Directions => Copy out exactly the stretch of the listing below that begins at the line containing "Toni Pons Terra-GE" and ends at the line containing "Ariat Women's Black", and copy nothing outside it.

==== Provided entries ====

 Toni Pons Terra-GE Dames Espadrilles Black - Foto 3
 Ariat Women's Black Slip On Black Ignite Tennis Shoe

====
==== Provided entries ====

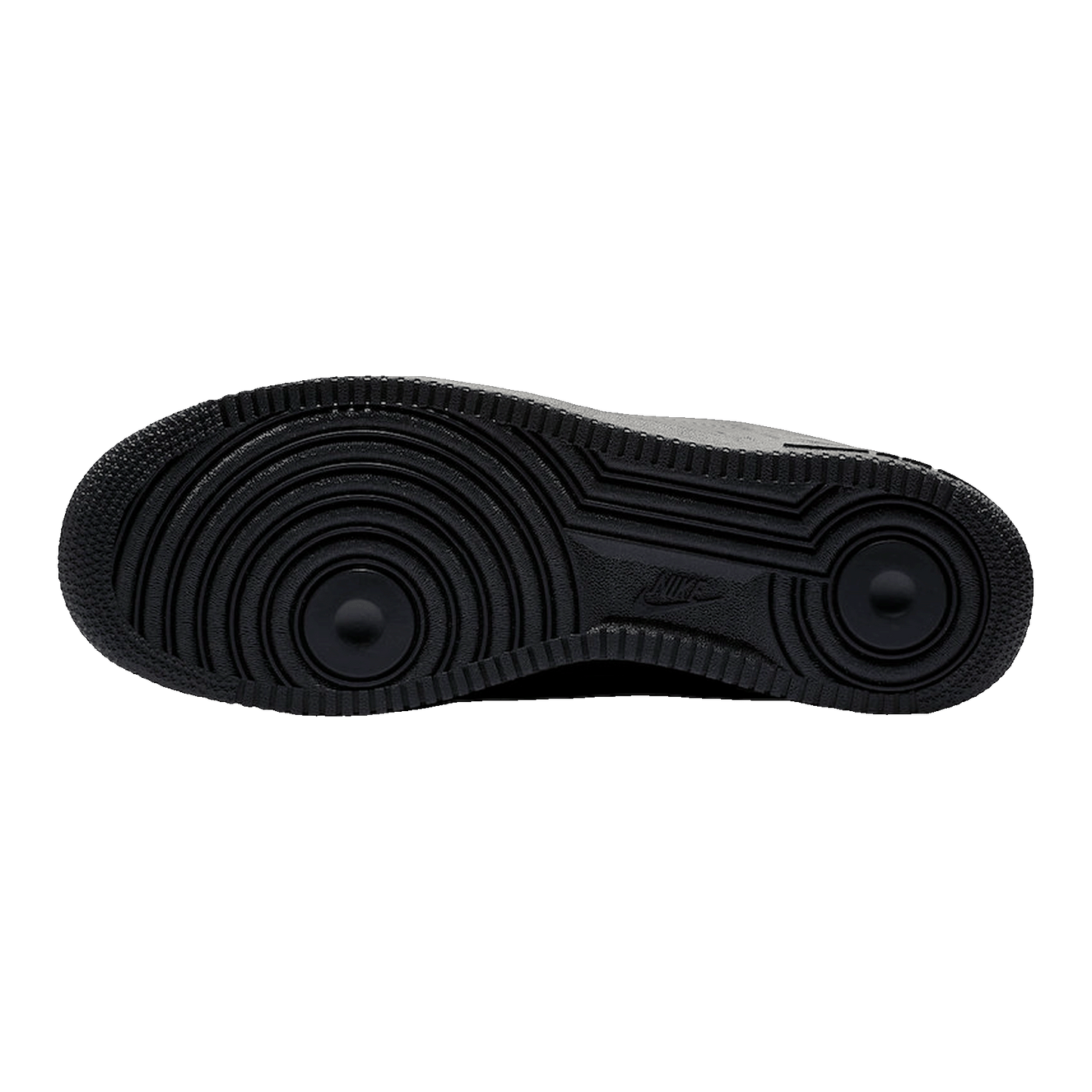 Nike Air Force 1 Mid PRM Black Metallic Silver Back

====
==== Provided entries ====

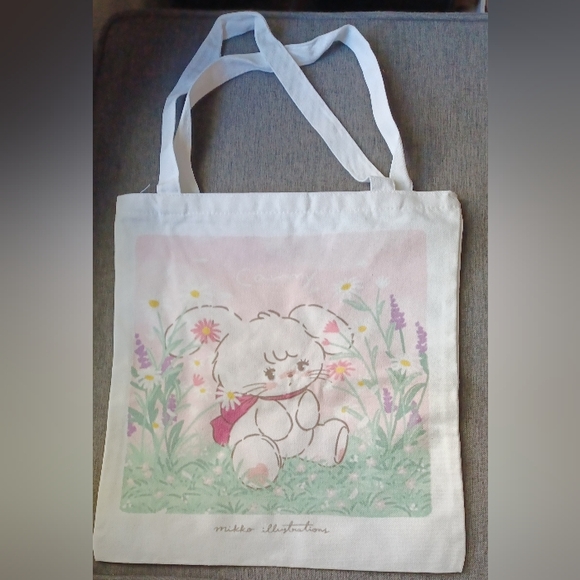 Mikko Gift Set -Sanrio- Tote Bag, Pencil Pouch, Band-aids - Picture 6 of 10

====

Response to the task =>
 Toni Pons Terra-GE Dames Espadrilles Black - Foto 3
 Ariat Women's Black Slip On Black Ignite Tennis Shoe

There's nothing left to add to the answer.